# Darwin and Mixture Distributions

Although Charles Darwin understood that each individual of a species resembled its parents, he did not know about the genetic basis for life, i.e. each trait of an individual comes from a gene, which comes from exactly one of either the mother or the father. Instead, he imagined that each trait comes from a blending of the traits of the parents. In Richard Dawkins' book The Greatest Show on Earth, The Evidence for Evolution, he writes about Darwin:

He was aware of course that characteristics tend to run in families, that offspring tend to resemble their parents and siblings. Heredity was a central plank of his theory of natural selection. But a gene pool is something else. A gene is an all or nothing entity. When you were conceived, what you received form your father was not a substance, to be mixed with what you received from your mother, as if mixing blue paint with red paint to make purple.

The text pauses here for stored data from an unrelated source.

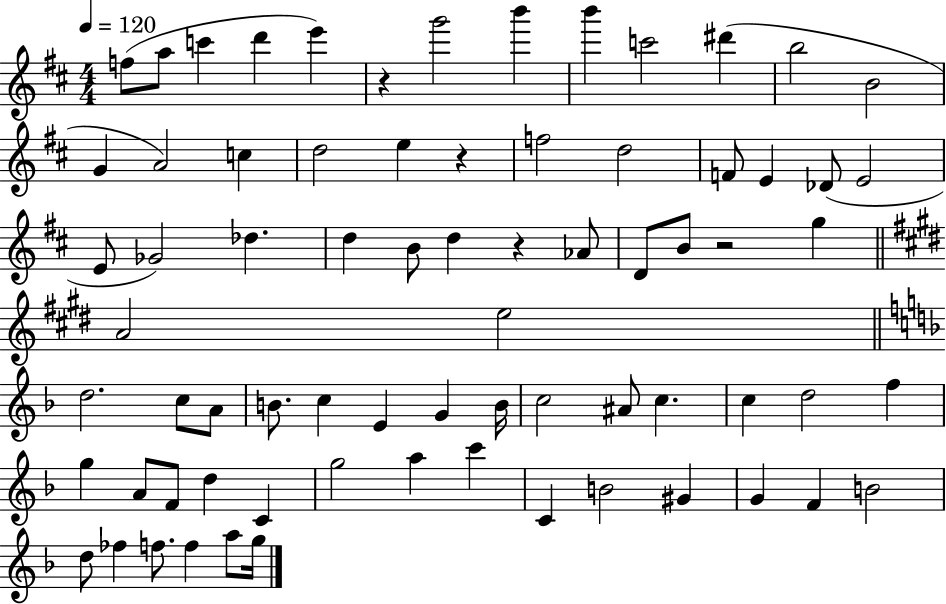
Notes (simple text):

F5/e A5/e C6/q D6/q E6/q R/q G6/h B6/q B6/q C6/h D#6/q B5/h B4/h G4/q A4/h C5/q D5/h E5/q R/q F5/h D5/h F4/e E4/q Db4/e E4/h E4/e Gb4/h Db5/q. D5/q B4/e D5/q R/q Ab4/e D4/e B4/e R/h G5/q A4/h E5/h D5/h. C5/e A4/e B4/e. C5/q E4/q G4/q B4/s C5/h A#4/e C5/q. C5/q D5/h F5/q G5/q A4/e F4/e D5/q C4/q G5/h A5/q C6/q C4/q B4/h G#4/q G4/q F4/q B4/h D5/e FES5/q F5/e. F5/q A5/e G5/s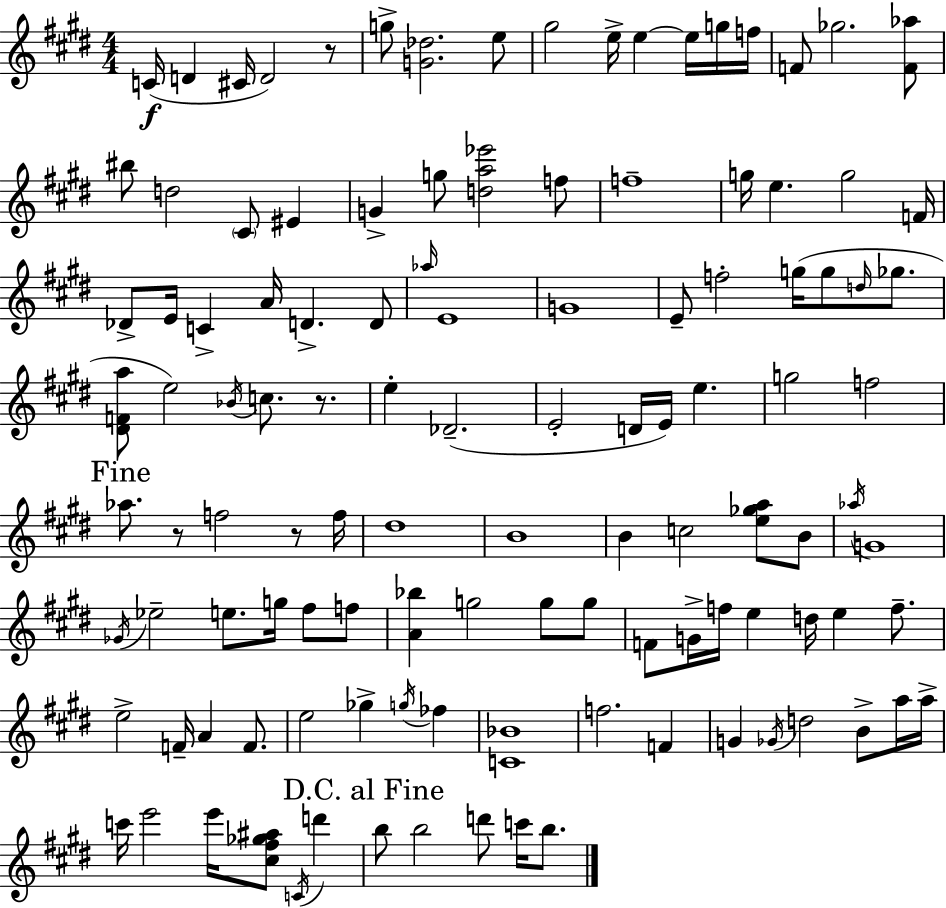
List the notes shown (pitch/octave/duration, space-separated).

C4/s D4/q C#4/s D4/h R/e G5/e [G4,Db5]/h. E5/e G#5/h E5/s E5/q E5/s G5/s F5/s F4/e Gb5/h. [F4,Ab5]/e BIS5/e D5/h C#4/e EIS4/q G4/q G5/e [D5,A5,Eb6]/h F5/e F5/w G5/s E5/q. G5/h F4/s Db4/e E4/s C4/q A4/s D4/q. D4/e Ab5/s E4/w G4/w E4/e F5/h G5/s G5/e D5/s Gb5/e. [D#4,F4,A5]/e E5/h Bb4/s C5/e. R/e. E5/q Db4/h. E4/h D4/s E4/s E5/q. G5/h F5/h Ab5/e. R/e F5/h R/e F5/s D#5/w B4/w B4/q C5/h [E5,Gb5,A5]/e B4/e Ab5/s G4/w Gb4/s Eb5/h E5/e. G5/s F#5/e F5/e [A4,Bb5]/q G5/h G5/e G5/e F4/e G4/s F5/s E5/q D5/s E5/q F5/e. E5/h F4/s A4/q F4/e. E5/h Gb5/q G5/s FES5/q [C4,Bb4]/w F5/h. F4/q G4/q Gb4/s D5/h B4/e A5/s A5/s C6/s E6/h E6/s [C#5,F#5,Gb5,A#5]/e C4/s D6/q B5/e B5/h D6/e C6/s B5/e.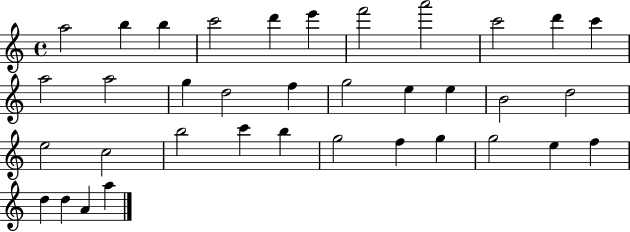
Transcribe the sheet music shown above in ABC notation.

X:1
T:Untitled
M:4/4
L:1/4
K:C
a2 b b c'2 d' e' f'2 a'2 c'2 d' c' a2 a2 g d2 f g2 e e B2 d2 e2 c2 b2 c' b g2 f g g2 e f d d A a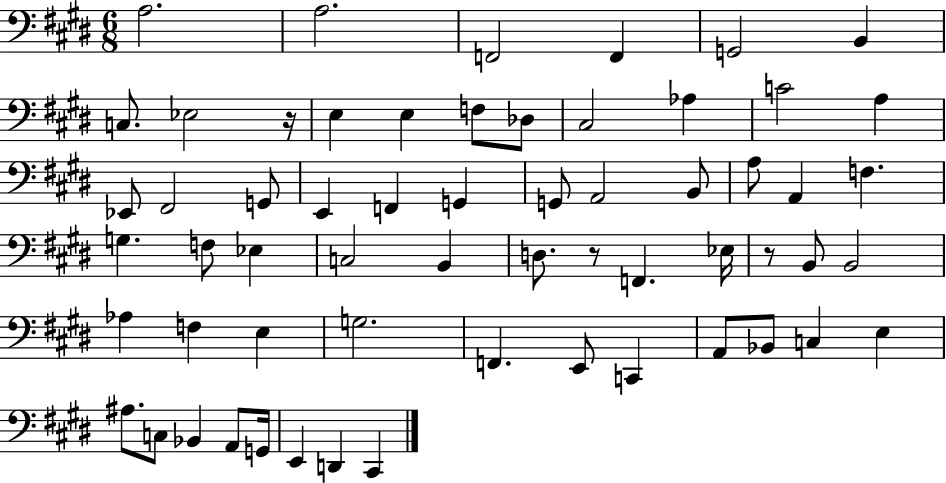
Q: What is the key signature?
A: E major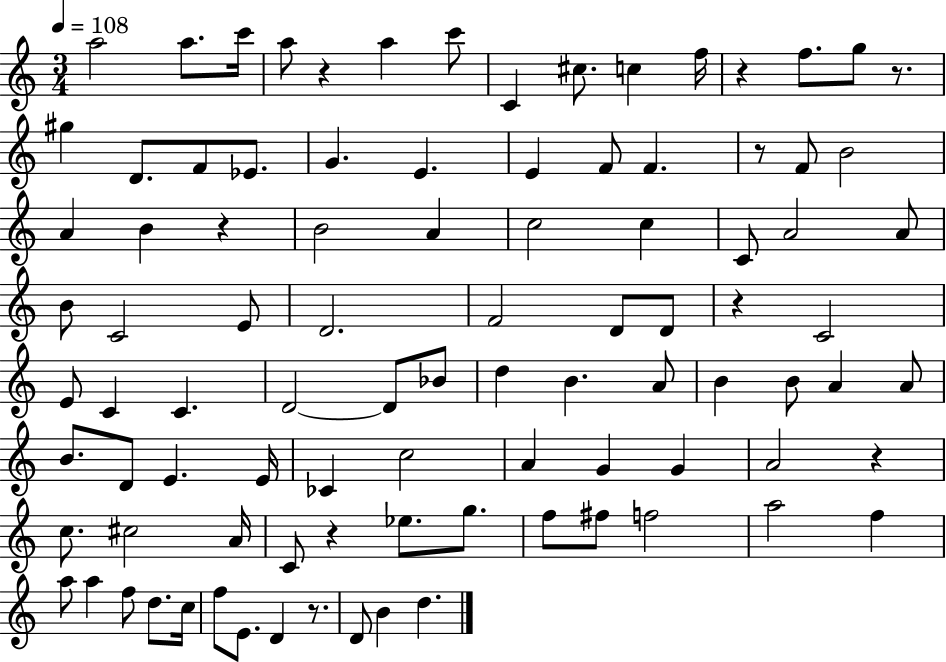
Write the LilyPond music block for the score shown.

{
  \clef treble
  \numericTimeSignature
  \time 3/4
  \key c \major
  \tempo 4 = 108
  a''2 a''8. c'''16 | a''8 r4 a''4 c'''8 | c'4 cis''8. c''4 f''16 | r4 f''8. g''8 r8. | \break gis''4 d'8. f'8 ees'8. | g'4. e'4. | e'4 f'8 f'4. | r8 f'8 b'2 | \break a'4 b'4 r4 | b'2 a'4 | c''2 c''4 | c'8 a'2 a'8 | \break b'8 c'2 e'8 | d'2. | f'2 d'8 d'8 | r4 c'2 | \break e'8 c'4 c'4. | d'2~~ d'8 bes'8 | d''4 b'4. a'8 | b'4 b'8 a'4 a'8 | \break b'8. d'8 e'4. e'16 | ces'4 c''2 | a'4 g'4 g'4 | a'2 r4 | \break c''8. cis''2 a'16 | c'8 r4 ees''8. g''8. | f''8 fis''8 f''2 | a''2 f''4 | \break a''8 a''4 f''8 d''8. c''16 | f''8 e'8. d'4 r8. | d'8 b'4 d''4. | \bar "|."
}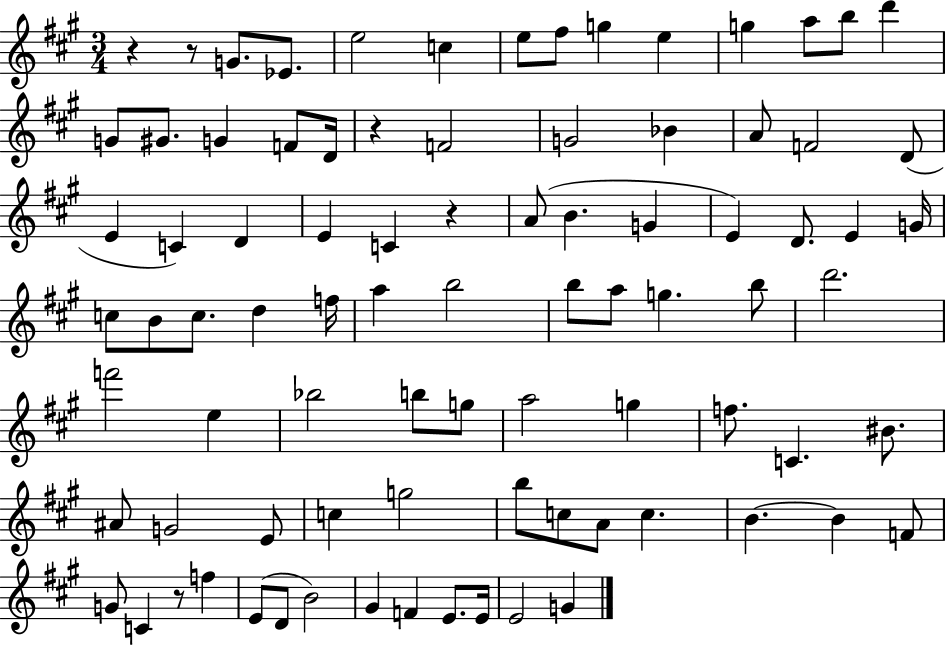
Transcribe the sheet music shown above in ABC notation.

X:1
T:Untitled
M:3/4
L:1/4
K:A
z z/2 G/2 _E/2 e2 c e/2 ^f/2 g e g a/2 b/2 d' G/2 ^G/2 G F/2 D/4 z F2 G2 _B A/2 F2 D/2 E C D E C z A/2 B G E D/2 E G/4 c/2 B/2 c/2 d f/4 a b2 b/2 a/2 g b/2 d'2 f'2 e _b2 b/2 g/2 a2 g f/2 C ^B/2 ^A/2 G2 E/2 c g2 b/2 c/2 A/2 c B B F/2 G/2 C z/2 f E/2 D/2 B2 ^G F E/2 E/4 E2 G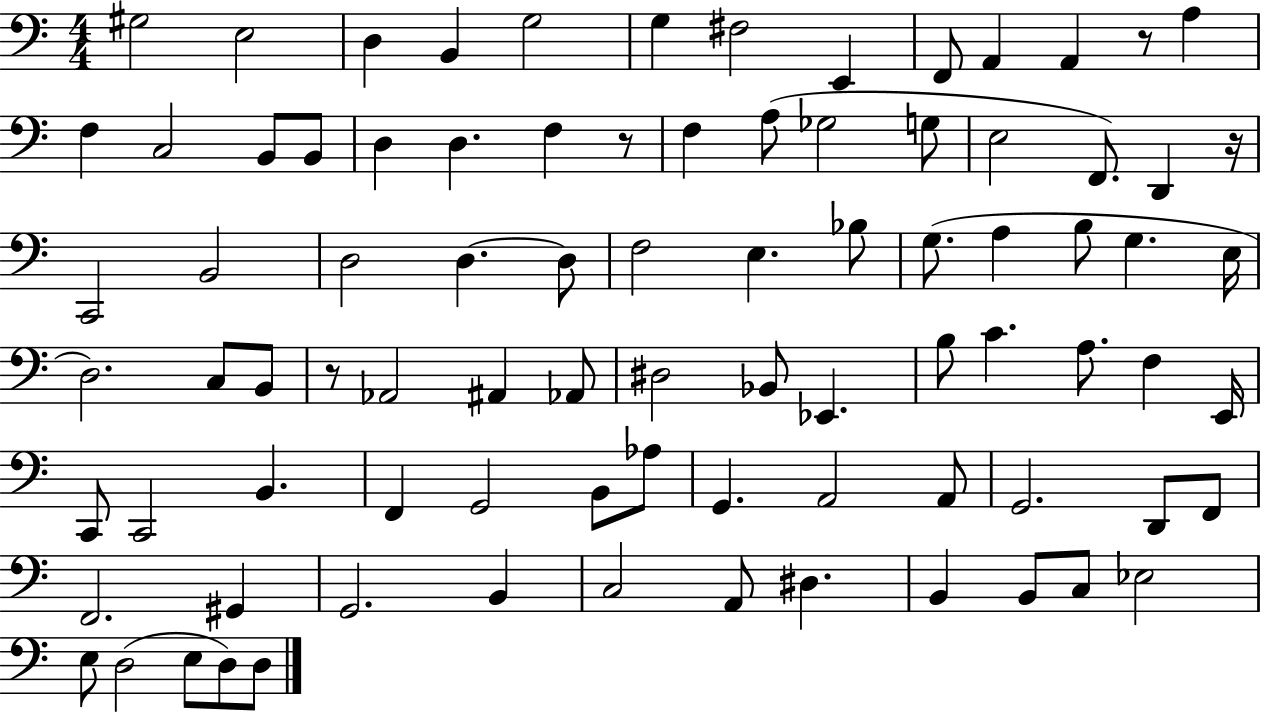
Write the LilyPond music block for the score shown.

{
  \clef bass
  \numericTimeSignature
  \time 4/4
  \key c \major
  gis2 e2 | d4 b,4 g2 | g4 fis2 e,4 | f,8 a,4 a,4 r8 a4 | \break f4 c2 b,8 b,8 | d4 d4. f4 r8 | f4 a8( ges2 g8 | e2 f,8.) d,4 r16 | \break c,2 b,2 | d2 d4.~~ d8 | f2 e4. bes8 | g8.( a4 b8 g4. e16 | \break d2.) c8 b,8 | r8 aes,2 ais,4 aes,8 | dis2 bes,8 ees,4. | b8 c'4. a8. f4 e,16 | \break c,8 c,2 b,4. | f,4 g,2 b,8 aes8 | g,4. a,2 a,8 | g,2. d,8 f,8 | \break f,2. gis,4 | g,2. b,4 | c2 a,8 dis4. | b,4 b,8 c8 ees2 | \break e8 d2( e8 d8) d8 | \bar "|."
}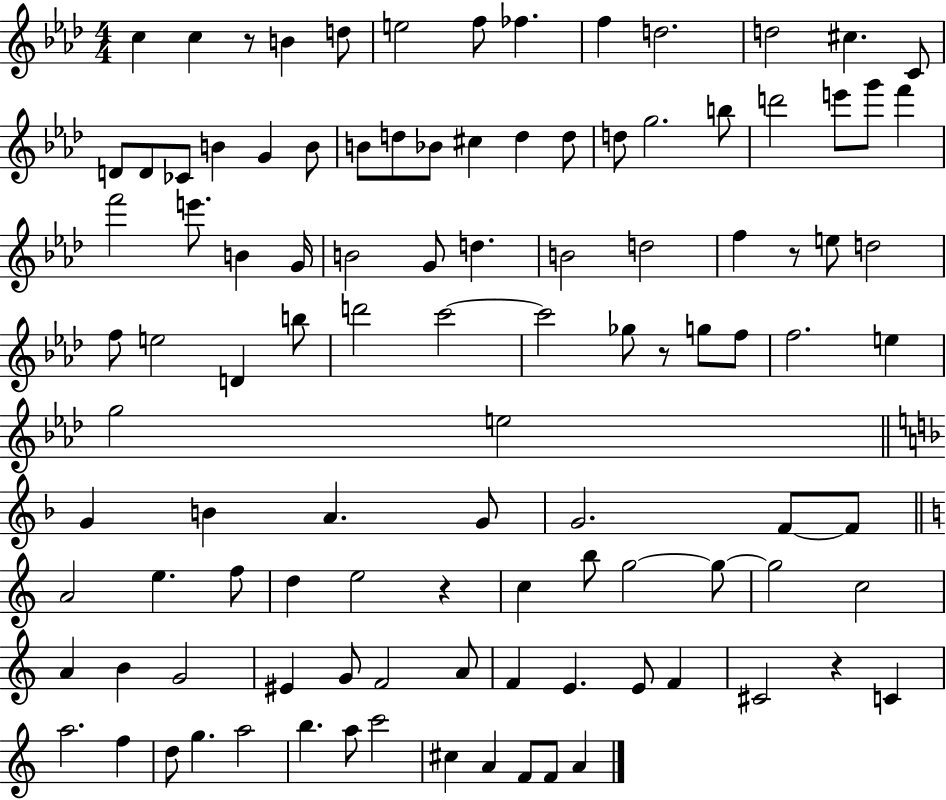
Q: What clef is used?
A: treble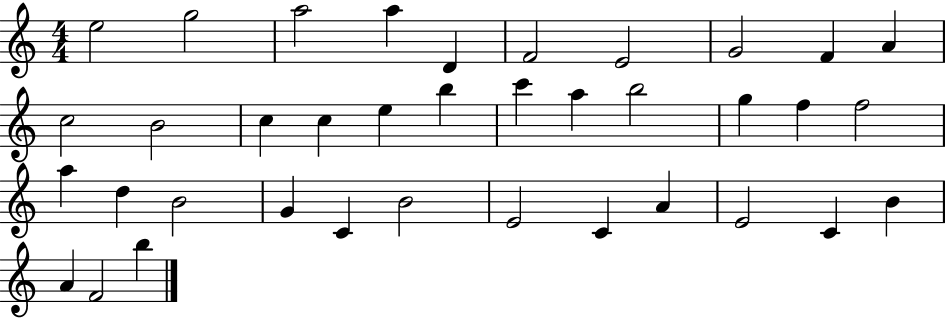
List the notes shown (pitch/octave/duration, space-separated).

E5/h G5/h A5/h A5/q D4/q F4/h E4/h G4/h F4/q A4/q C5/h B4/h C5/q C5/q E5/q B5/q C6/q A5/q B5/h G5/q F5/q F5/h A5/q D5/q B4/h G4/q C4/q B4/h E4/h C4/q A4/q E4/h C4/q B4/q A4/q F4/h B5/q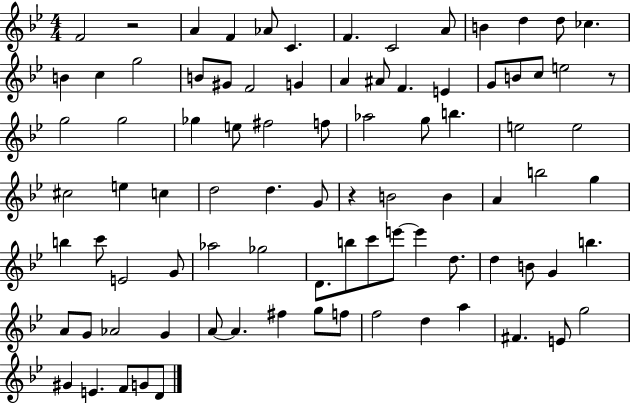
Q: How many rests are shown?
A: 3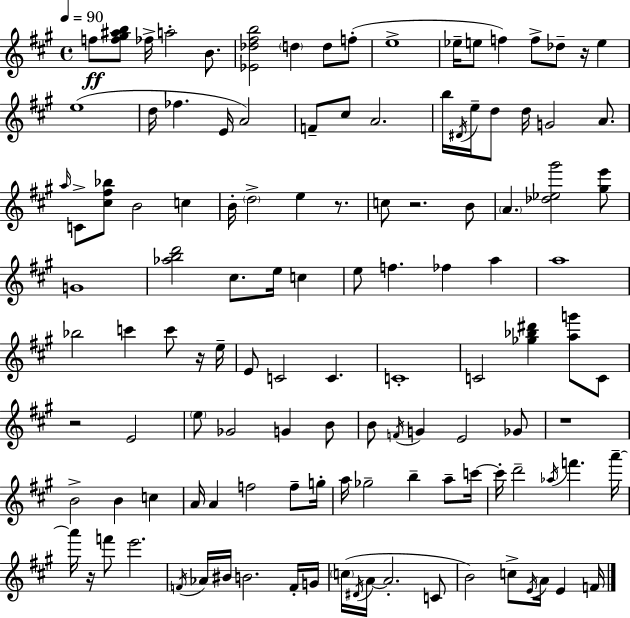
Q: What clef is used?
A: treble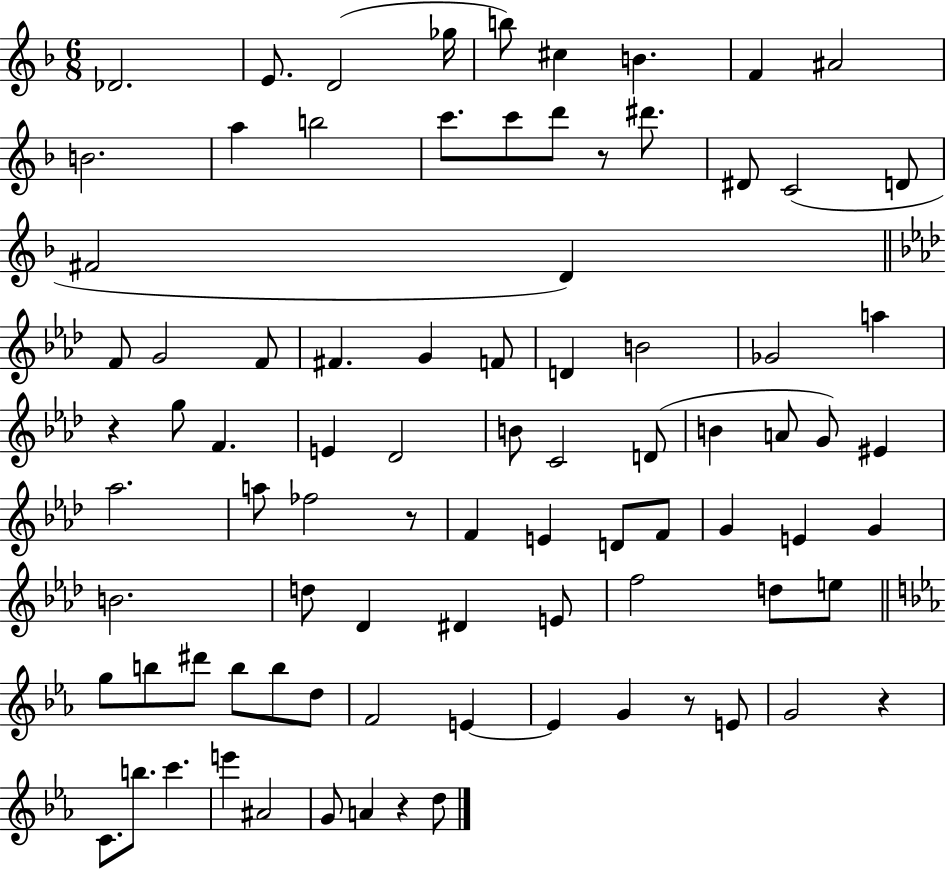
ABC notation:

X:1
T:Untitled
M:6/8
L:1/4
K:F
_D2 E/2 D2 _g/4 b/2 ^c B F ^A2 B2 a b2 c'/2 c'/2 d'/2 z/2 ^d'/2 ^D/2 C2 D/2 ^F2 D F/2 G2 F/2 ^F G F/2 D B2 _G2 a z g/2 F E _D2 B/2 C2 D/2 B A/2 G/2 ^E _a2 a/2 _f2 z/2 F E D/2 F/2 G E G B2 d/2 _D ^D E/2 f2 d/2 e/2 g/2 b/2 ^d'/2 b/2 b/2 d/2 F2 E E G z/2 E/2 G2 z C/2 b/2 c' e' ^A2 G/2 A z d/2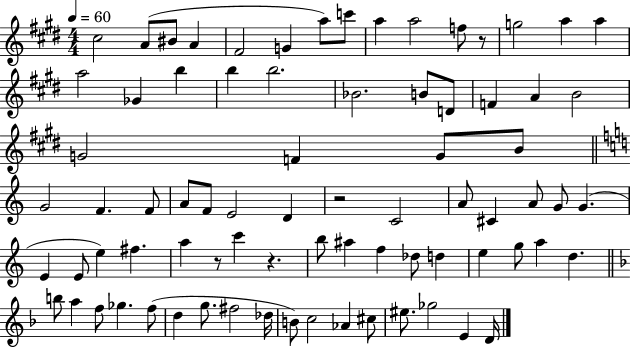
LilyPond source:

{
  \clef treble
  \numericTimeSignature
  \time 4/4
  \key e \major
  \tempo 4 = 60
  \repeat volta 2 { cis''2 a'8( bis'8 a'4 | fis'2 g'4 a''8) c'''8 | a''4 a''2 f''8 r8 | g''2 a''4 a''4 | \break a''2 ges'4 b''4 | b''4 b''2. | bes'2. b'8 d'8 | f'4 a'4 b'2 | \break g'2 f'4 g'8 b'8 | \bar "||" \break \key c \major g'2 f'4. f'8 | a'8 f'8 e'2 d'4 | r2 c'2 | a'8 cis'4 a'8 g'8 g'4.( | \break e'4 e'8 e''4) fis''4. | a''4 r8 c'''4 r4. | b''8 ais''4 f''4 des''8 d''4 | e''4 g''8 a''4 d''4. | \break \bar "||" \break \key f \major b''8 a''4 f''8 ges''4. f''8( | d''4 g''8. fis''2 des''16 | b'8) c''2 aes'4 cis''8 | eis''8. ges''2 e'4 d'16 | \break } \bar "|."
}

This is an interesting distinction because it amounts to the distinction between the average of two random variables

$X = \frac{1}{2}(X_1 + X_2)$

whose distribution is given by a convolution of the two probability density functions, and a mixture distribution,

$Z \sim U\{+1,-1\}$

$X \sim p_z$

where a latent Bernoulli random variable $$Z$$ decides which random variable to sample from (father/mother), and then depending upon the value of $$Z$$, one of two distributions is sampled. This two step process is then repeated for each gene. The averaging processes, over successive generations, would lead to a Gaussian distribution by the central limit theorem, implying that after several generations, all members of a species would look very similar with smooth variation across members. On the other hand, the mixture distribution would lead to the formation clusters.